EI: One of the things that’s interesting about this record is how you can hear the thread of Keith Jarrett’s quartet with Paul. Some of the things that Paul plays on this record are not unrelated to what he would have played with Keith.
TB: Yeah. That’s what Paul sounds like to me, like “skipping funk” or “Armenian funk” or something. I heard him play with Jarrett. That was the shit. That was the stuff that really blew my mind.
EI: Despite Keith Jarrett’s fame and the fame of everybody in that band, that quartet is a little unrecognized in jazz history.
TB: You think so?
EI: I do actually. At least, what is unrecognized is how strong an impact it had on certain people…
TB: … A lot of people. That was a real musician’s band. It liberated… it was sort of like tonal free jazz in a way.
I was able to do all this stuff because of guys like Braxton, Roscoe, Ornette, Cecil. Anybody who basically stopped playing song forms laid it out: you can do whatever you want. You don’t have to necessarily play straight-ahead jazz to be a “jazz musician.” I wasn’t really sticking my neck out; it’d already been done. I had my moments of noisy shit but basically, I was into really melodic, rhythmic music. And even the Art Ensemble and that kind of stuff, there was still this strong melodic base for me.

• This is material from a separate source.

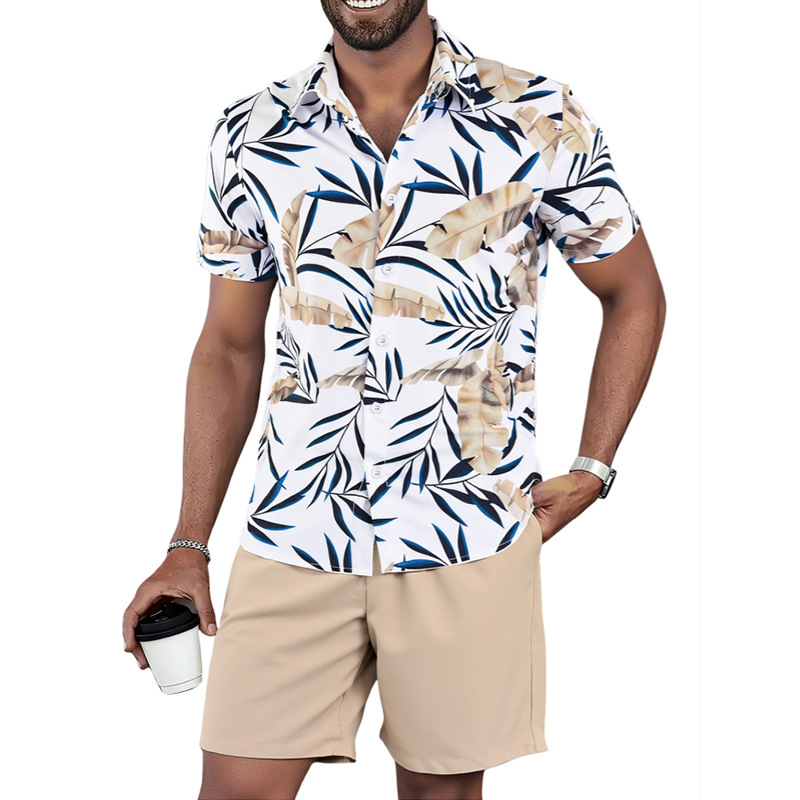하와이 남자 정장 여름 휴가 해변 캐주얼 반팔 반바지 셔츠 투피스 세트 느슨한 대외 무역 도매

And then the stuff like Julius and Jarrett, there was just that rhythmic thing that I was really into. It was like soul music and stuff, it really kind of brought all those elements. And it wasn’t swing, really, to me. Even though I loved Joe Henderson, Sonny Rollins, and those guys, that wasn’t my language, it isn’t now, it may never be. But grooves are something that I like. Both Julius and the Jarrett quartet had their foot in both worlds. I saw the Jarrett quartet three nights in a row at the Vanguard. I think the last night, Sunday night, they recorded Fort Yawuh. And I remember thinking to myself, “Oh man, those other nights were so much better.” And so I never even got the record.

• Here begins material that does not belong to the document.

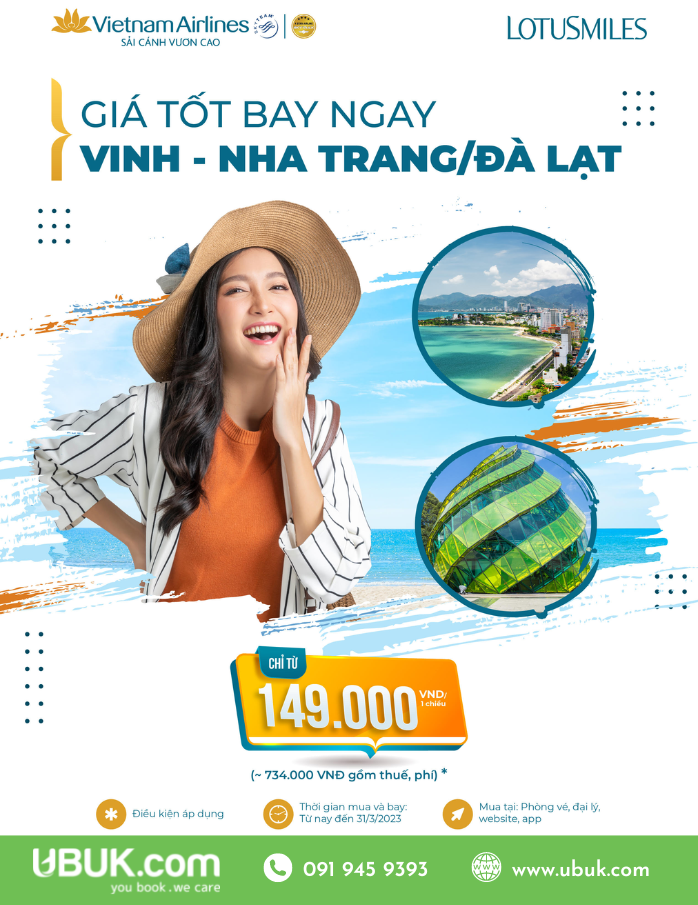 GIÁ TỐT BAY NGAY VINH - ĐÀ LẠT/ NHA TRANG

EI: You never got Fort Yawuh even though you were there?
TB: Basically, I used to buy records only if I hadn’t heard them before. So it was like, “I was at the concert, I don’t need the record.” But I remember thinking, “Oh man, this is a little tired,” during the third night. The other shit was on fire. But then when I heard it, many, many years later, it didn’t come off that way, obviously.
But that’s kind of like what I go through now. You go on the road, you think “that gig was only OK.” Like Unwound, that Bloodcount thing, I remember thinking that was a shitty gig. Then I didn’t listen to it for six months, and when I did I was like, “Whoa.”
EI: What about the other musicians on Songs and Rituals in Real Time? I remember owning a Mack Goldsbury record a long time ago called Anthropology with John Scofield, Billy Hart and Ed Schuller.
TB: Goldsbury lives in Berlin now, but he’s from Fort Worth, Texas—like Julius, Dewey, and Ornette.
You have to remember I was doing five gigs a year. And for every gig I did, I rented the space. I never got booked. And, uh, to me, Mack Goldsbury was like “holy shit!” you know? Anybody who was a professional musician, I was awed by. With Mack, it was just like, “Oh I know this guy, I’ll call him.” And I thought: saxophone player, the blend would be good, it would be easier for me to write.
EI: What about Ed Schuller? How’d you know him?
TB: Because I met Herb Robertson in ’81 or ’80, and we jammed somewhere and Ed was playing.
EI: The saxophones improvise simultaneously on “Roberto Miguel,” sometimes playing bits of the tune. It’s sort of like this G minor bluesy thing, and Schuller is playing pretty much in the key of G minor too. Not unrelated to the way Charlie Haden would play with Keith, actually.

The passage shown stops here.